Hermanos: Cristo ha venido como sumo sacerdote de los bienes definitivos. Su tabernáculo es más grande y más perfecto: no hecho por manos de hombre, es decir, no de este mundo creado. No usa sangre de machos cabríos ni de becerros, sino la suya propia; y así ha entrado en el santuario una vez para siempre, consiguiendo la liberación eterna. Si la sangre de machos cabríos y de toros y el rociar con las cenizas de una becerra tienen el poder de consagrar a los profanos, devolviéndoles la pureza externa, cuánto más la sangre de Cristo, que, en virtud del Espíritu eterno, se ha ofrecido a Dios como sacrificio sin mancha, podrá purificar nuestra conciencia de las obras muertas, llevándonos al culto del Dios vivo. Por esa razón, es mediador de una alianza nueva: en ella ha habido una muerte que ha redimido de los pecados cometidos durante la primera alianza; y así los llamados pueden recibir la promesa de la herencia eterna.

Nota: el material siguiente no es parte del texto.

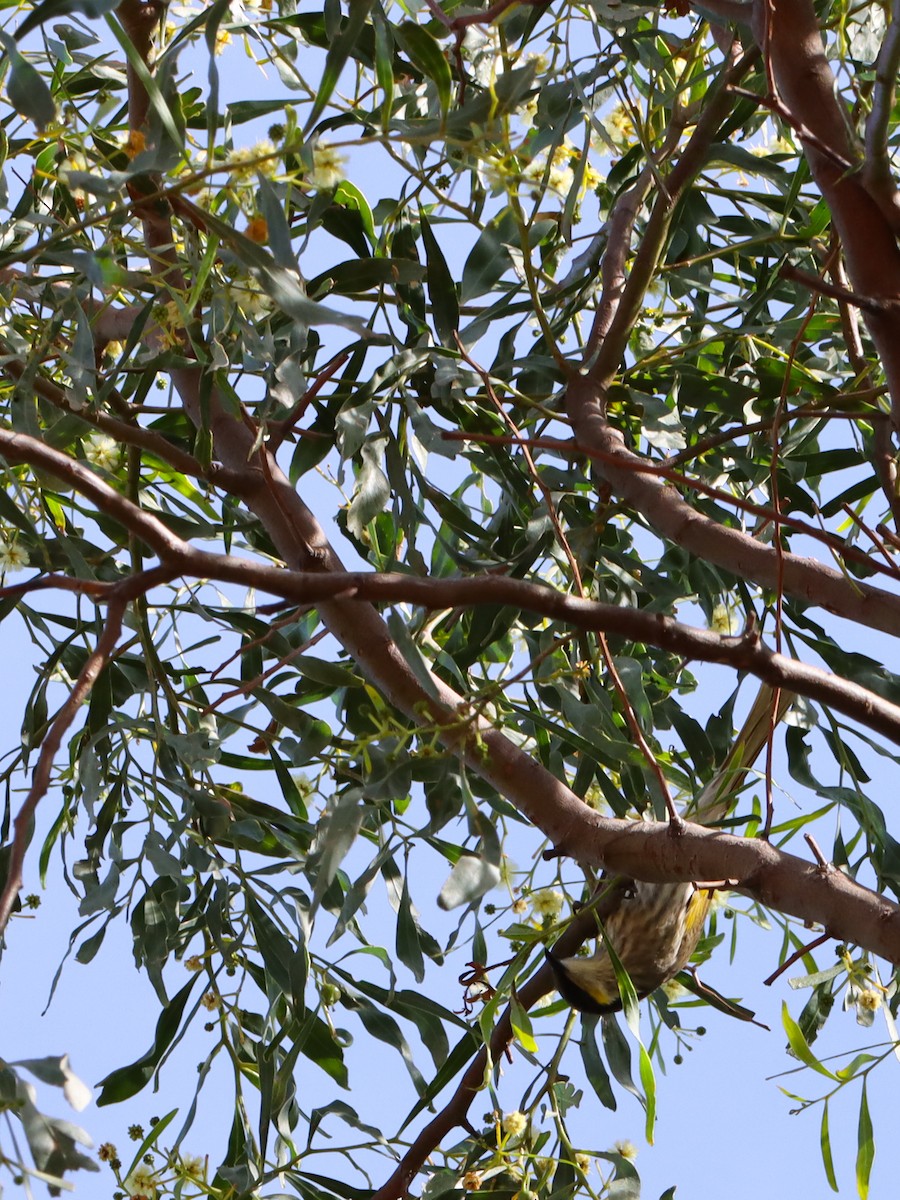 Singing Honeyeater - ML635492645
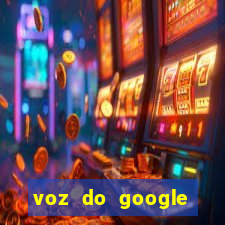 voz do google tradutor homem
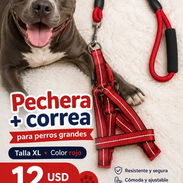 Pechera con correa para perros grandes - Img 55342547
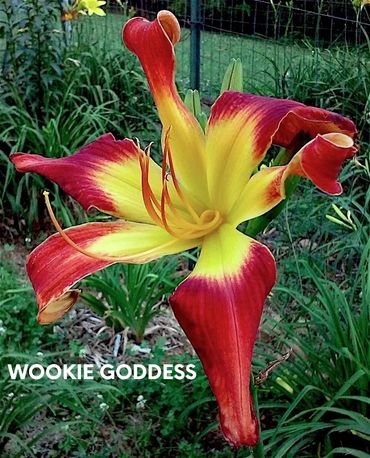 DAYLILY WOOKIE GODDESS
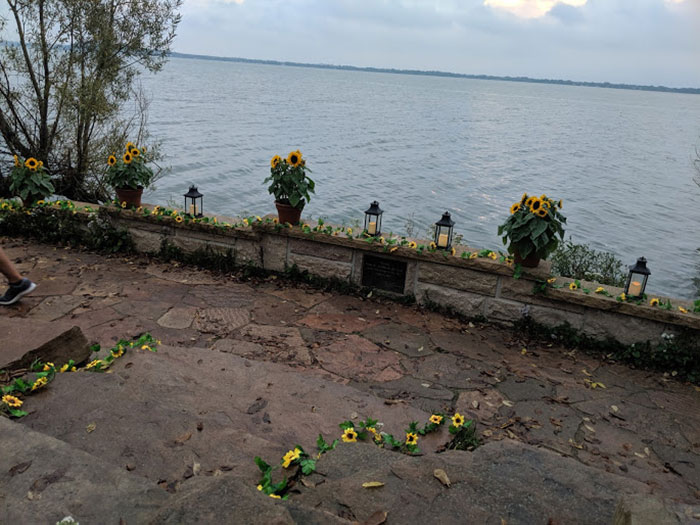 Girl Becomes A Bush On The Day Of Her Sister's Engagement So She Could Capture The Moment Unnoticed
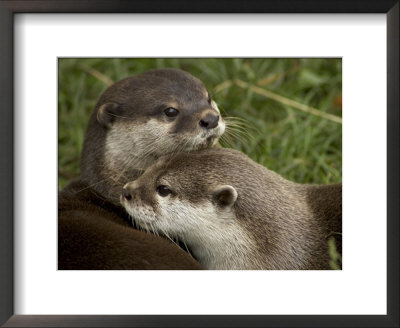 Pair Of Mated Asian Short-Clawed River Otters Show Affection by Nicole Duplaix Pricing Limited Edition Print image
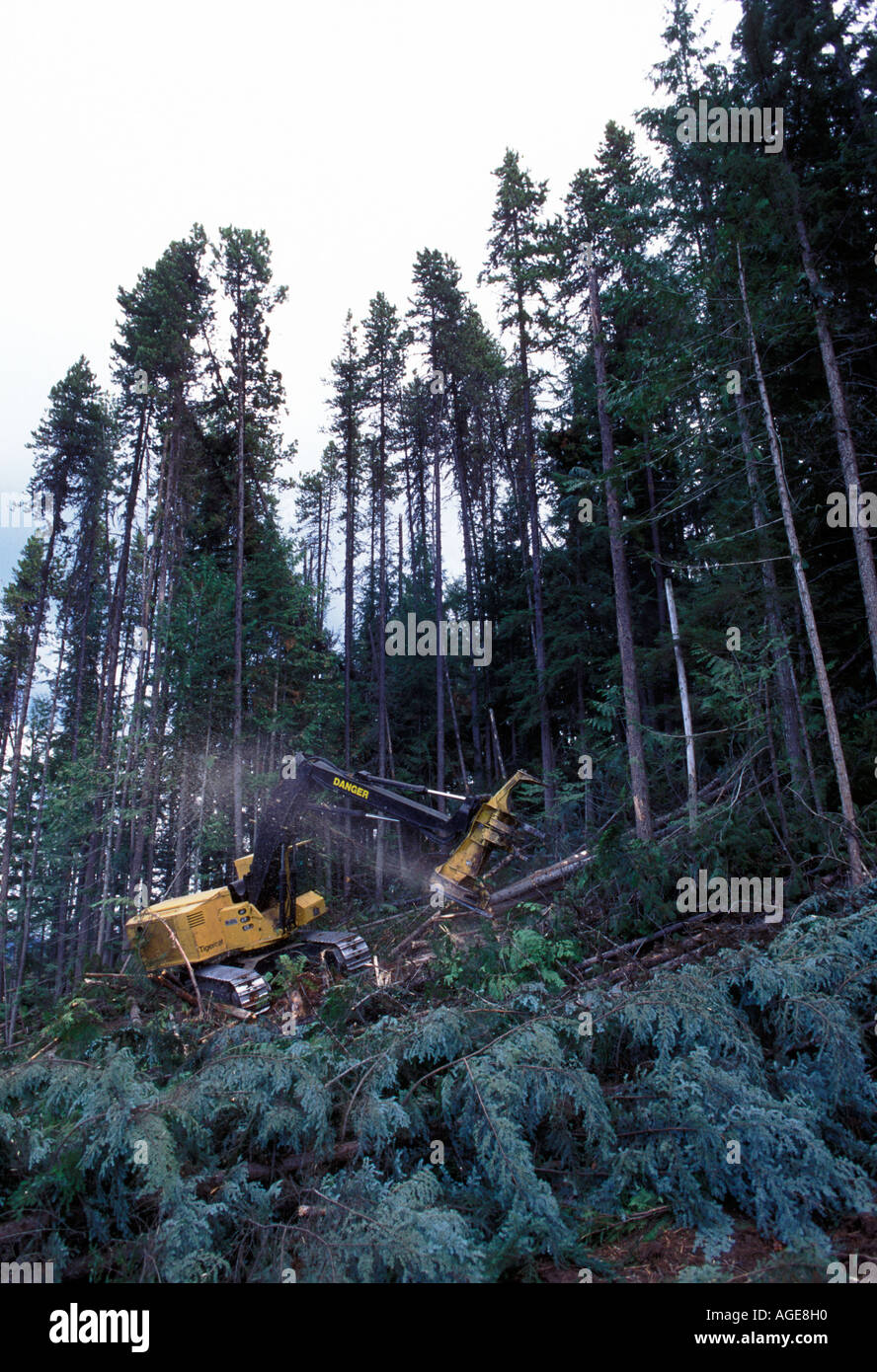 Yarder hires stock photography and images Alamy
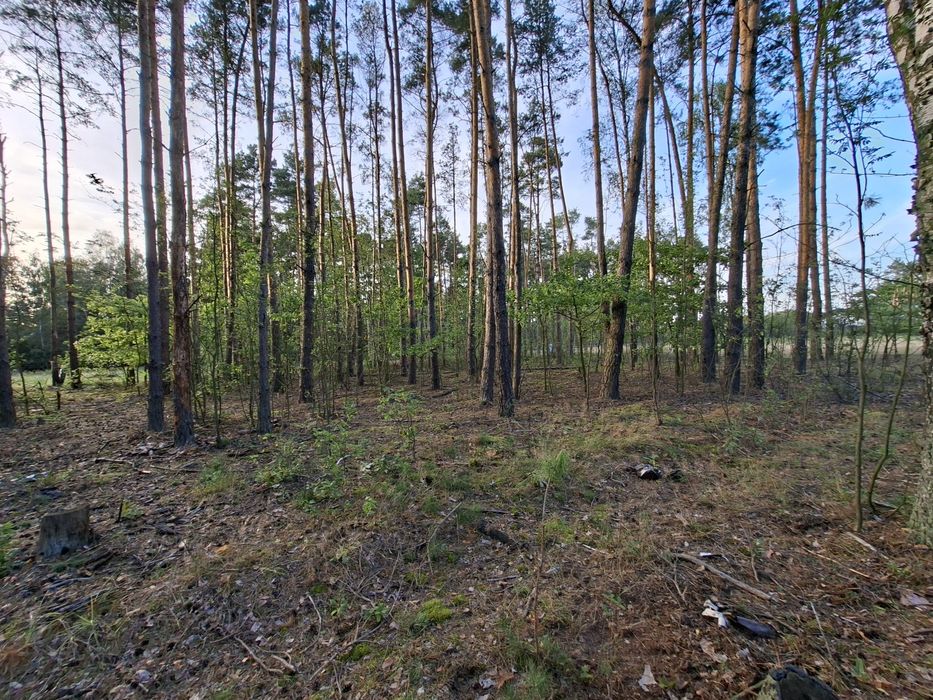 Działka 1500 m² | LAS | Budy Grzybek | Dom jednorodzinny | Media - Widok 4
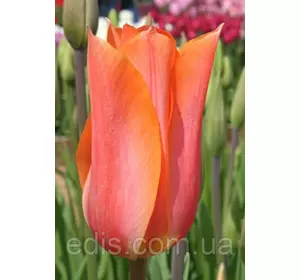 Тюльпан гігантський Perestroyka (Пєрєстройка) 3 цибулинки Тюльпан гігантський Perestroyka (Пєрєстройка) 3 цибулинки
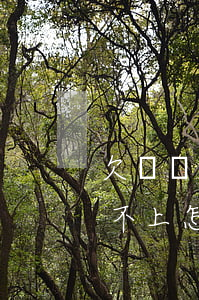 欠螞蟻借唄兩萬還不上怎么辦(欠借唄幾萬,還不上怎么辦,真的沒有辦法了)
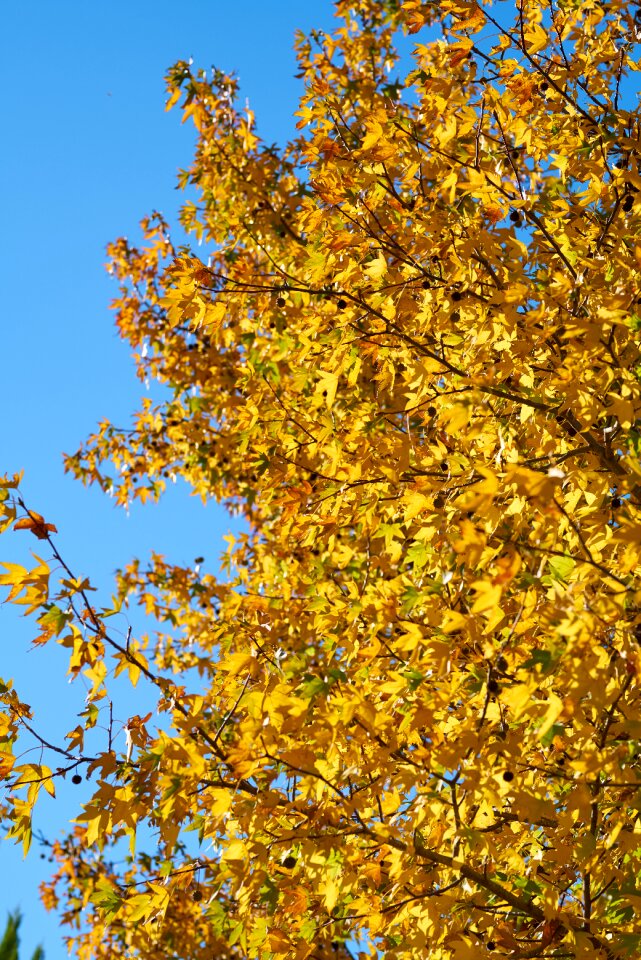 Color forest shiny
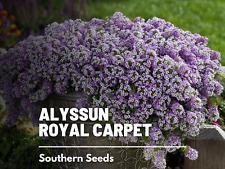 Alyssum royal carpet for sale  Frisco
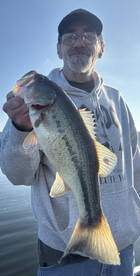 Branson Report Photo 2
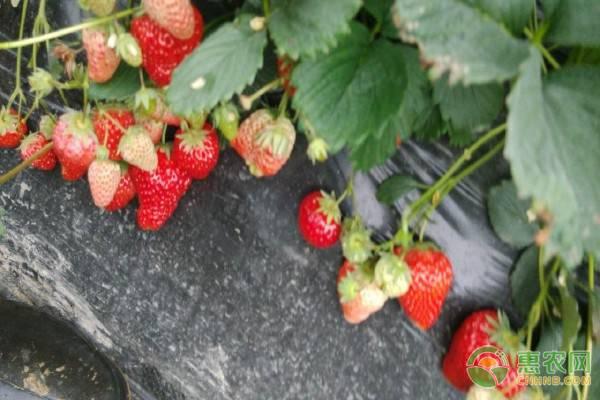 草莓发芽后怎么养护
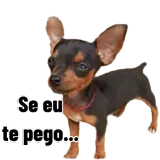 Figurinha de Cachorros para WhatsApp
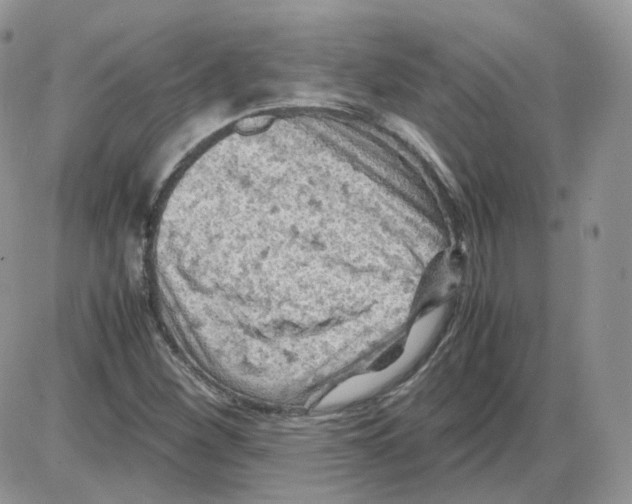 X0000086031260200704201937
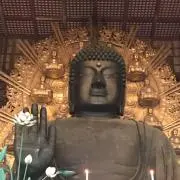諸葛孔明の画像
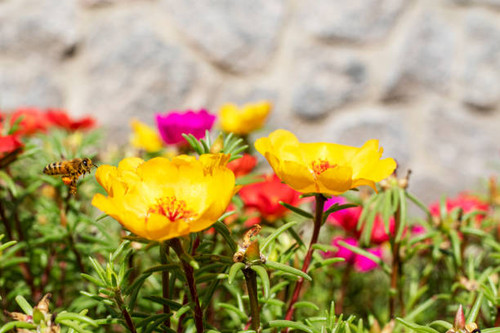 bee collects honey from yellow flowers on a warm day, horizontal"n nature,.jpg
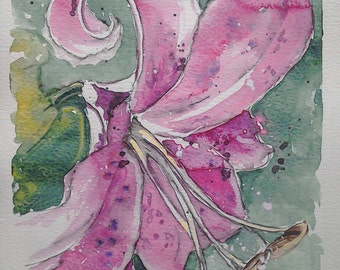 Pink lily flower art watercolour painting, an original one off watercolour painting of a garden Tiger Lily by EdieBrae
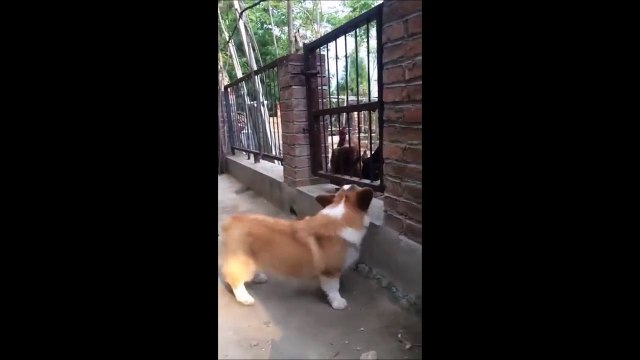 Ce chien fait le chaud devant les poules mais quand on le met avec elles c'est une autre histoire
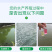 底栖硅藻种水产养殖鱼虾蟹用补藻调水增加溶氧稳藻相抑制蓝藻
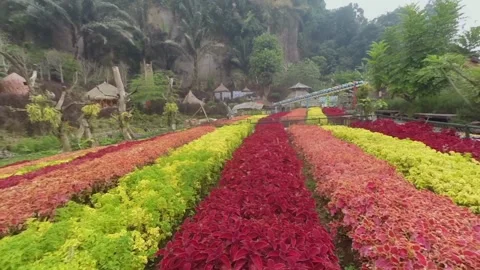 Colorful flower garden landscape with rows of plants and nature view Stock Footage 345654053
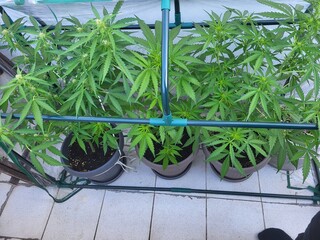 cannabis, balkon, anbau, legalisierung, pflanzen, marihuana, eigenanbau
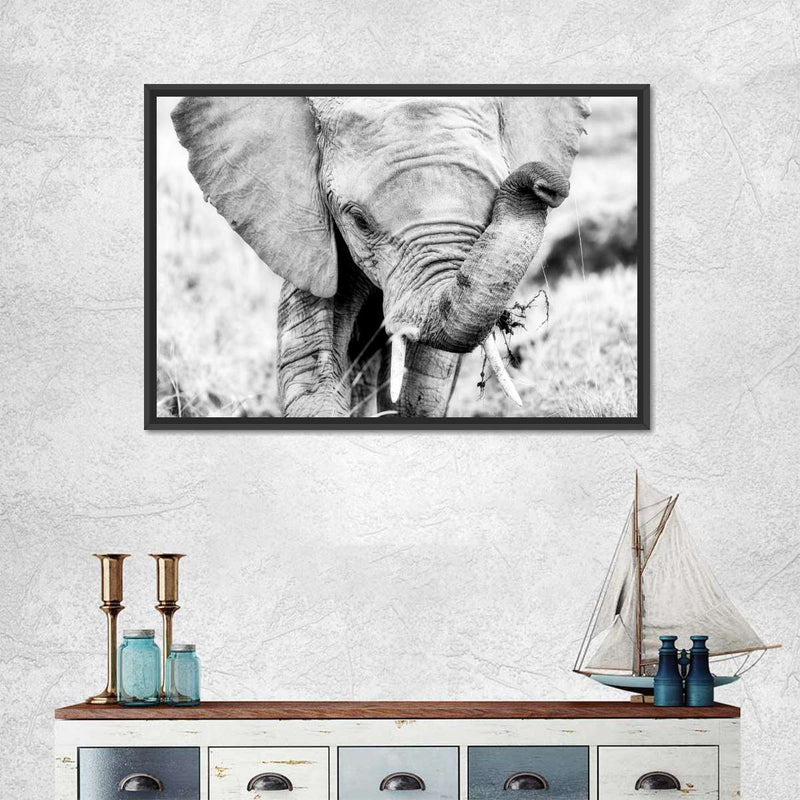 Kenyan Baby Elephant Wall Art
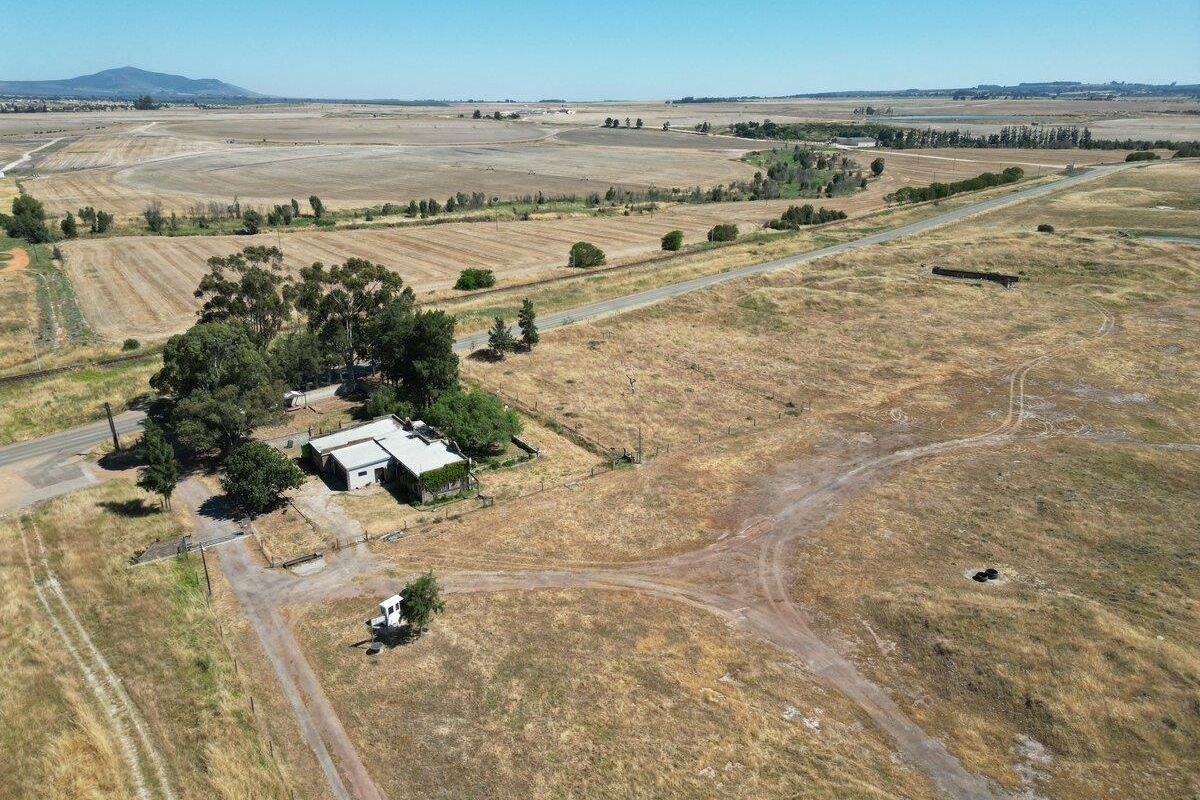 Commercial & Operating Business Farm (Outside Malmesbury) - Photo 5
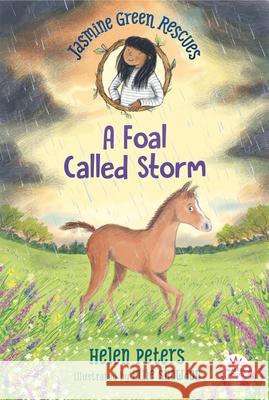 Jasmine Green Rescues: A Foal Called Storm Helen Peters Ellie Snowdon 9781536222722 Walker Books Us - książka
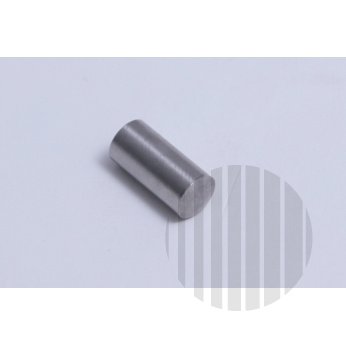 REX technologie Kolik DIN7 8m6x16 A2     8ST02001,A1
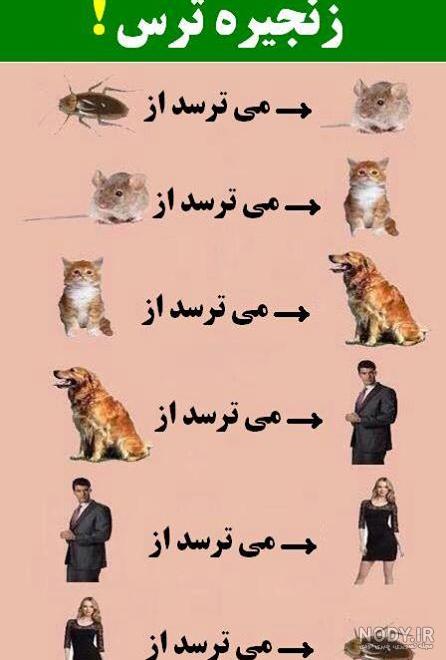سوتی کوتاه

Evangelio: pan, vino y nueva alianza (Marcos 14-12-16. 22-26)
El primer día de los Ázimos, cuando se sacrificaba el cordero pascual, le dijeron a Jesús sus discípulos: «¿Dónde quieres que vayamos a prepararte la cena de Pascua?» Él envió a dos discípulos, diciéndoles: «Id a la ciudad, encontraréis un hombre que lleva un cántaro de agua; seguidlo y, en la casa en que entre, decidle al dueño: "El Maestro pregunta: ¿Dónde está la habitación en que voy a comer la Pascua con mis discípulos?" Os enseñará una sala grande en el piso de arriba, arreglada con divanes. Preparadnos allí la cena.» Los discípulos se marcharon, llegaron a la ciudad, encontraron lo que les había dicho y prepararon la cena de Pascua. Mientras comían, Jesús tomó un pan, pronunció la bendición, lo partió y se lo dio, diciendo: «Tomad, esto es mi cuerpo.» Cogiendo una copa, pronunció la acción de gracias, se la dio, y todos bebieron. Y les dijo: «Esta es mi sangre, sangre de la alianza, derramada por todos. Os aseguro que no volveré a beber del fruto de la vid hasta el día que beba el vino nuevo en el reino de Dios.» Después de cantar el salmo, salieron para el monte de los Olivos.
La
acción de Jesús en la Cena de Pascua reúne las dos formas de sellar una alianza
que comentamos en la primera lectura, pero invirtiendo el orden. Se comienza
por la comida, se termina aludiendo a la sangre de la nueva alianza. Aparte de
esto hay diferencias notables. Los discípulos no comen en presencia de Dios,
comen con Jesús, comen el pan que él les da, no la carne de animales
sacrificados; y el vino que beben significa algo muy distinto a lo que bebieron
las autoridades de Israel: anticipa la sangre de Jesús derramada por todos.
¿Dónde radica la diferencia
principal entre la antigua y la nueva alianza? En que la antigua no cuesta nada
a nadie; basta matar unos animales para obtener su sangre. La nueva, en cambio,
supone un sacrificio personal, el sacrificio supremo de entregar la propia
vida, la propia carne y sangre.
Pero no podemos quedarnos en la
simple referencia al pan y al vino, al cuerpo y la sangre. Para Jesús son la
forma simbólica de sellar nuestro compromiso con Dios, por el que nos obligamos
a cumplir su voluntad.
El cuarto evangelio, que no cuenta
la institución de la Eucaristía, pone en este momento en boca de Jesús un largo
discurso en el que insiste, por activa y por pasiva, en que observemos sus
mandamientos, mejor dicho, su único mandamiento: que nos amemos los unos a los
otros.
Si la celebración del Corpus Christi
se limita a una expresión devota de nuestra devoción a la Eucaristía o, peor
aún, si se convierte en simple fiesta de interés turístico, no cumple su
auténtico sentido. Es fácil lanzar flores a la custodia por la calle; lo
difícil es tratar bien a las personas que nos encontramos por la calle.